A maneira mais trabalhosa requer o cálculo da inflação no atacado dos principais parceiros comerciais brasileiros[1], cada qual em sua moeda, depois convertida em moeda doméstica pela taxa de câmbio do real contra as moedas destes países/regiões. Os resultados dos dois procedimentos são mostrados no gráfico.
Ambas as medidas revelam que, apesar da inflação externa ter aumentado, sua contribuição para a inflação brasileira é negativa ou próxima a zero nos últimos 12 meses, precisamente durante o período em que a inflação doméstica (e suas medidas de núcleo) aceleraram cerca de 2 pontos percentuais.
Isto ocorre porque o aumento da inflação internacional foi contrabalançado pelo comportamento do câmbio, resultando numa modesta contribuição no sentido de reduzir a inflação local. E, se é verdade que preços de alimentos subiram, a contribuição de outros preços foi no sentido oposto, como a inflação de bens duráveis, que ficou em apenas 0,5% nos 12 meses até maio.

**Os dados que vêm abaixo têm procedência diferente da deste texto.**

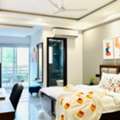 INR 4500/day,  Furnished,  Studio,  450 Sq. Meter,  BluO Studio1 DLF Cyber City - Balcony, Gym TT,Lift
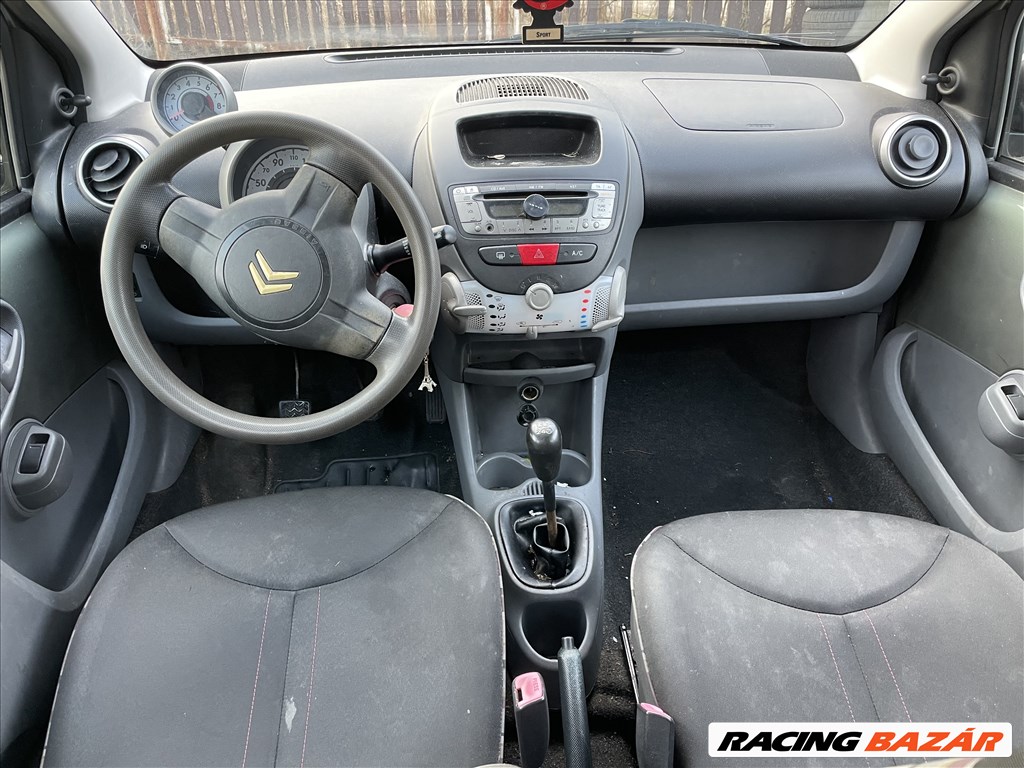 Citroën C1 1.0 bontott alkatrészei 5. kép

Fica, portanto, difícil conciliar evidência acima com a hipótese de “contaminação” dos preços locais pela inflação internacional. Nem o Brasil pegou inflação da piscina do clube, nem se trata de caso contra o qual nenhuma medida doméstica possa fazer efeito. Pelo contrário, os dados sugerem que a aceleração da inflação tem raízes firmemente fincadas em solo pátrio e que, portanto, tanto taxas de juros quanto o controle de gastos públicos podem afetá-la.
No entanto, dado que a decisão de manter o superávit primário em 4,3% do PIB (onde se encontra desde janeiro de 2007) não implica contração fiscal adicional, parece claro que, mais uma vez, o fardo de ajuste recairá sobre os ombros do Banco Central.
[1] Zona do Euro, EUA, Argentina, China, Japão, México, Chile, Reino Unido, Coréia do Sul, Canadá, Venezuela, Taiwan e Índia. Estes países representaram 74% do comércio internacional brasileiro em 2007.
P.S Perdão pelo atraso, mas em viagem fica dificil.